Transcribe the data that follows in full. Leave out the pictures.

= DATA SECTION =
▶
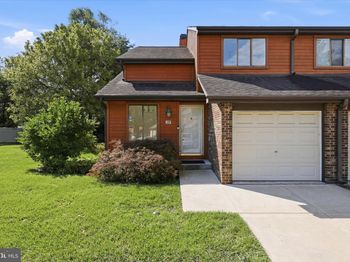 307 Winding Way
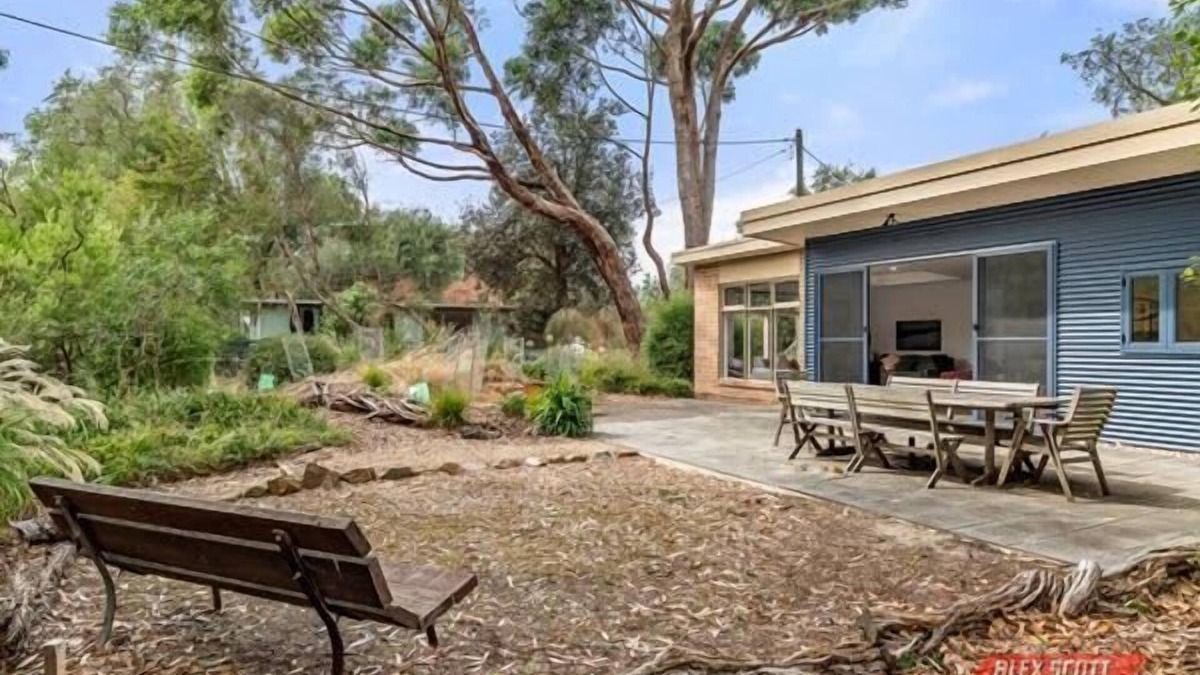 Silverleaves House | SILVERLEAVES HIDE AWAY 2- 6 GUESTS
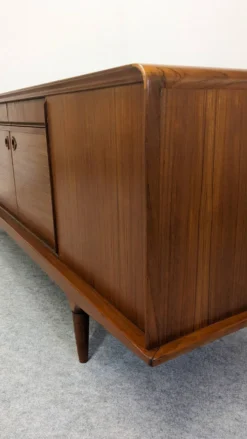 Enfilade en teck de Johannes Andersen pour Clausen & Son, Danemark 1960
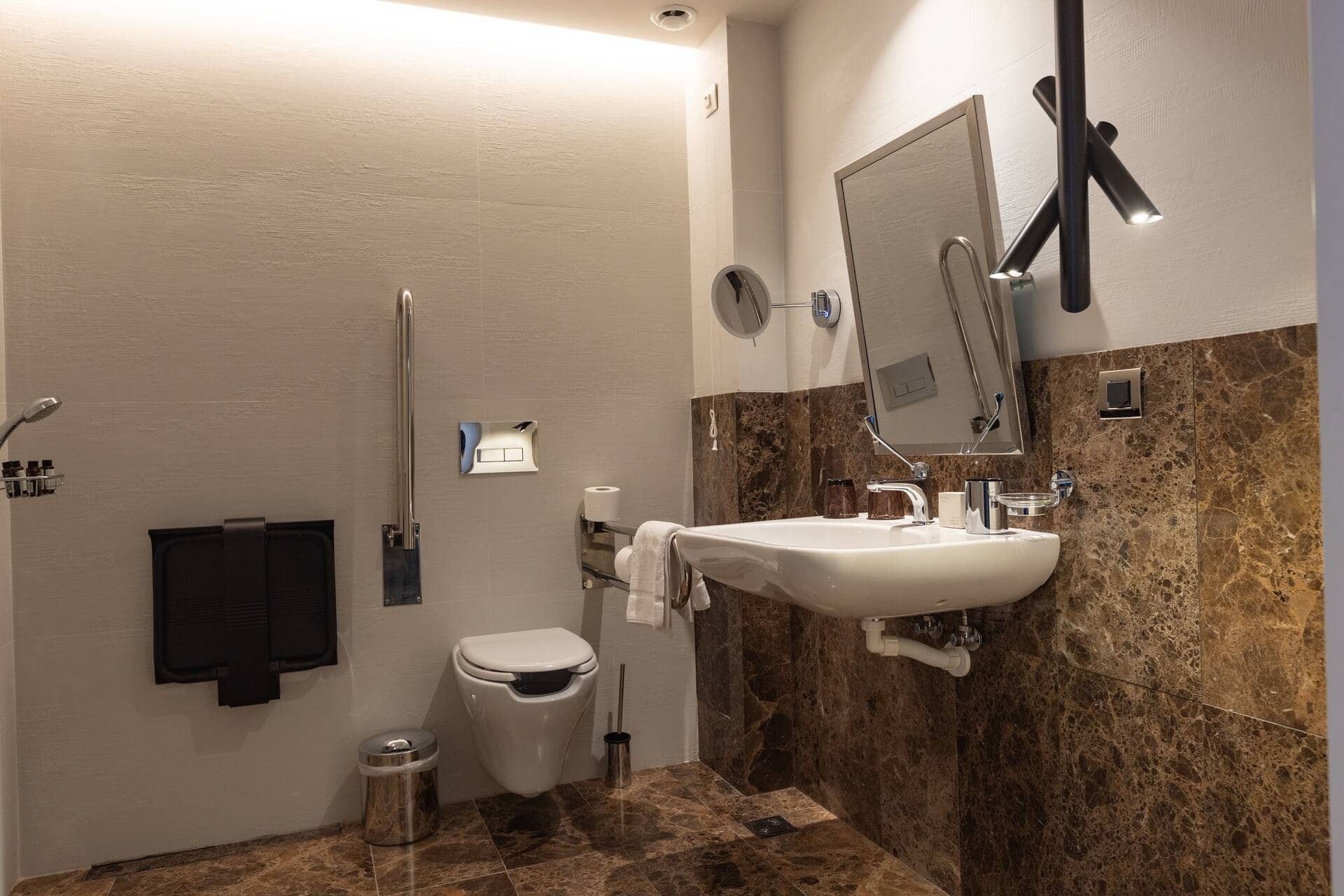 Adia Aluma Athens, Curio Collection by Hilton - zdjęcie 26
◀
= REPLY TO THE EXERCISE =
 307 Winding Way
 Silverleaves House | SILVERLEAVES HIDE AWAY 2- 6 GUESTS
 Enfilade en teck de Johannes Andersen pour Clausen & Son, Danemark 1960
 Adia Aluma Athens, Curio Collection by Hilton - zdjęcie 26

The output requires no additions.